In order to vaccinate, pharmacy students must have completed a training program approved by the Board of Pharmacy and be credentialed in Basic Life Support CPR. With those requirements met, as the third- and fourth-year students involved have done, they can immunize only under the supervision of a licensed pharmacist who is certified to immunize.
Macko notes that the pandemic has limited the number of volunteer opportunities available to students, so she jumped at this chance to help check in healthcare providers at Jefferson when getting the vaccine and assisting with observing after it’s administered.
“I was immediately interested because of how much of an impact that the pandemic has had on every person, and how much of an impact this vaccine will hopefully have,” says Macko. “Pharmacists play a huge role in routine vaccinations, so as a fourth-year pharmacy student, I would like to help in any way I can, especially with this new vaccine that has the potential to start leading us back to a ‘normal’ life.”
For her part, D’Allesandro notes that preparing for careers in health care leaves students eager for opportunities to learn, help and develop skillsets for the future. She says her cohort has already trained to give immunizations, but that this opportunity is unique.
D’Allesandro, who will volunteer as an observer at the start of the process, also shares some personal reasons for wanting to chip in.
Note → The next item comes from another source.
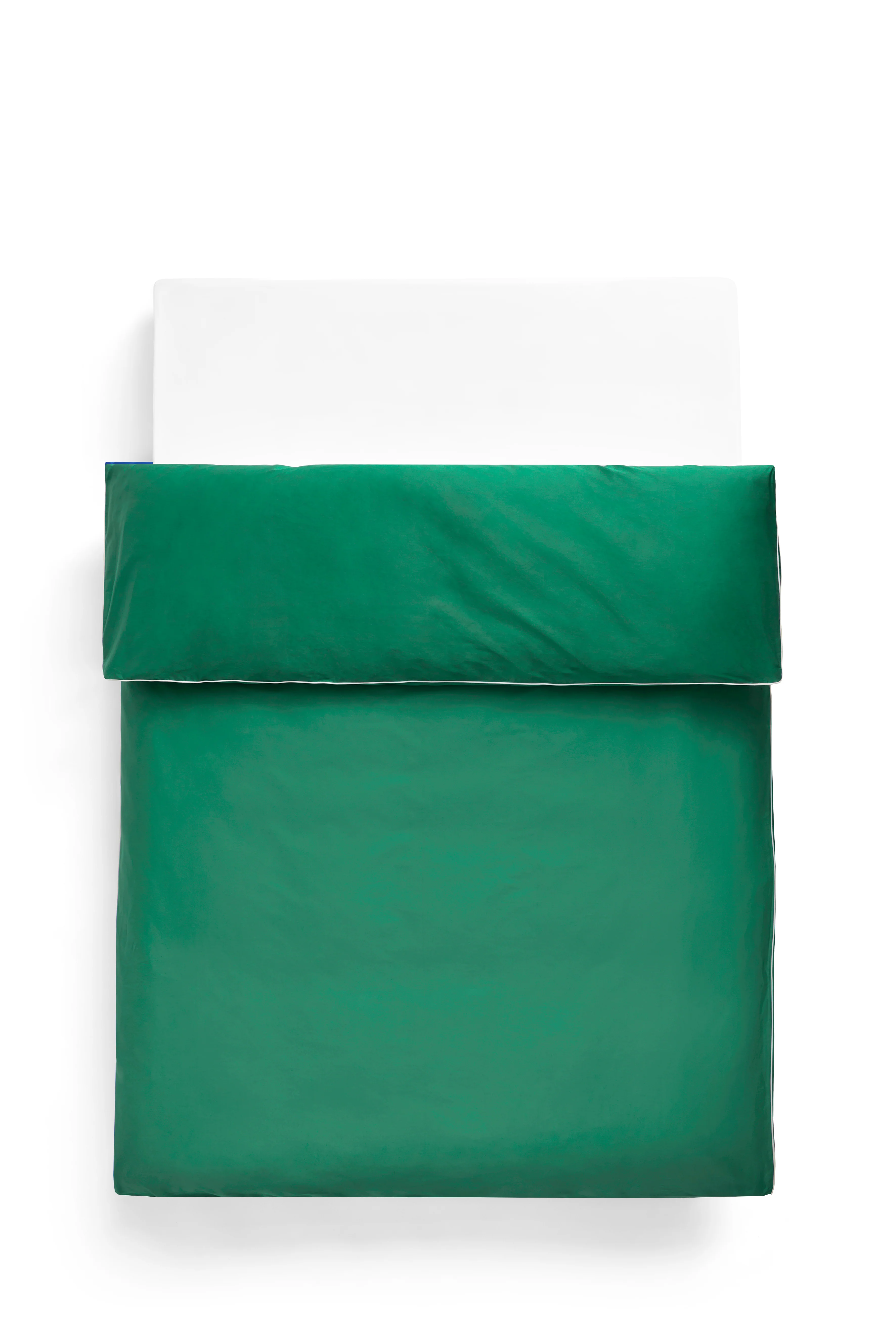 Outline dynebetræk - Emerald Green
“Sometimes, I feel helpless regarding fighting this pandemic, so I immediately jumped on the opportunity to do my part and show my appreciation to healthcare workers in the way that I can,” she says. “Volunteering to help the entire process allows me to feel like I am giving back. All healthcare workers who are putting their health on the line to deliver exceptional patient care deserve the world, but this is hopefully one step to helping those workers feel safer and more protected so that they may continue to save lives.
“This pandemic will forever be an unforgettable historical event. Whenever I look back, I will be able to say that I did my part, as a pharmacy student, to help those who sacrifice so much. I hope that contributing small amounts of my time will give the Jefferson healthcare professionals and hospital workers a sense of appreciation for everything they are doing.”
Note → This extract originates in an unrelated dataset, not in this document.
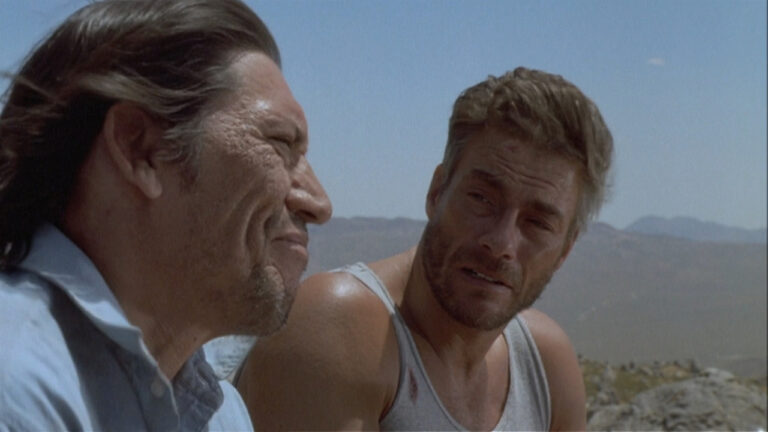 Jean-Claude Delivers Maximium Van Damage in 'Desert Heat' (1999)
This is a good, hopeful, wonderful thing –Dr. Jennifer Bellot
Dr. Jennifer Bellot, JCN’s associate dean of academic practice integration, says six students are scheduled to start their volunteer efforts and are assigned to Center City and Jefferson Torresdale to begin.
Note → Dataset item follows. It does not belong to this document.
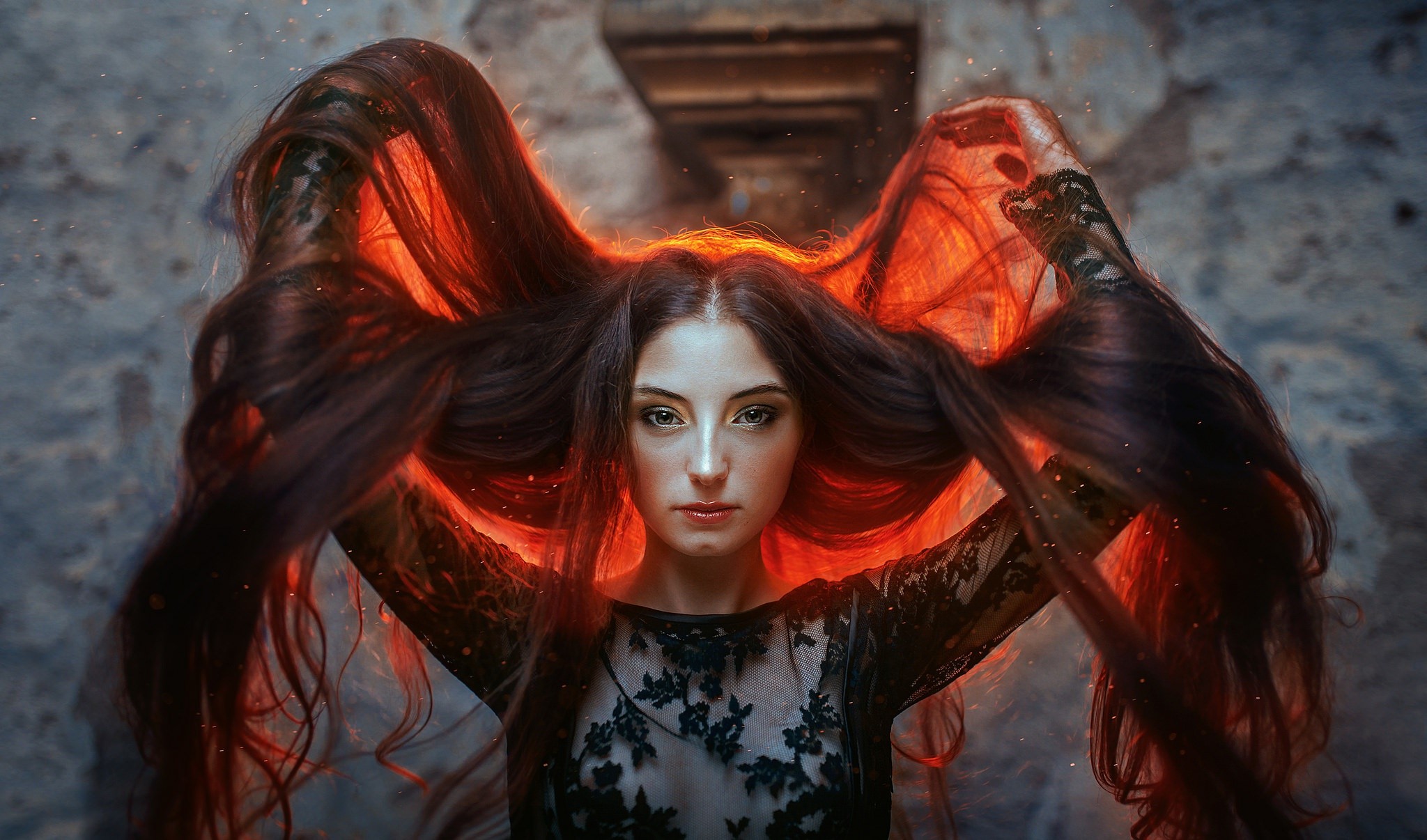 girls, model, hd, HD Wallpaper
At a nursing enterprise leadership meeting a few weeks ago, she mentioned that student volunteers could help fill staffing gaps as the vaccination effort commenced.
“By the end of the day, I had three meeting invites,” Dr. Bellot says. “This is a good, hopeful, wonderful thing. One of the leaders told me they had tears in their eyes upon finding out that our students will play a role. It’s our honor to do this, being in the right place at the right time. This is also an excellent opportunity for students to see more locations within the health system.”
After untangling legal and geographic concerns, she fielded an “immediate and strong response” to the call for volunteers. The schedule is already set up through January. (She even had a student from Washington, D.C. asking whether they could return to Philadelphia to help.)
“For a lot of faculty, this is our opportunity to support our colleagues and show how thankful we are for everything they have done since March,” Bellot says. “From a morale standpoint, it’s important for us to volunteer. This is a major part of history that we are participating in.”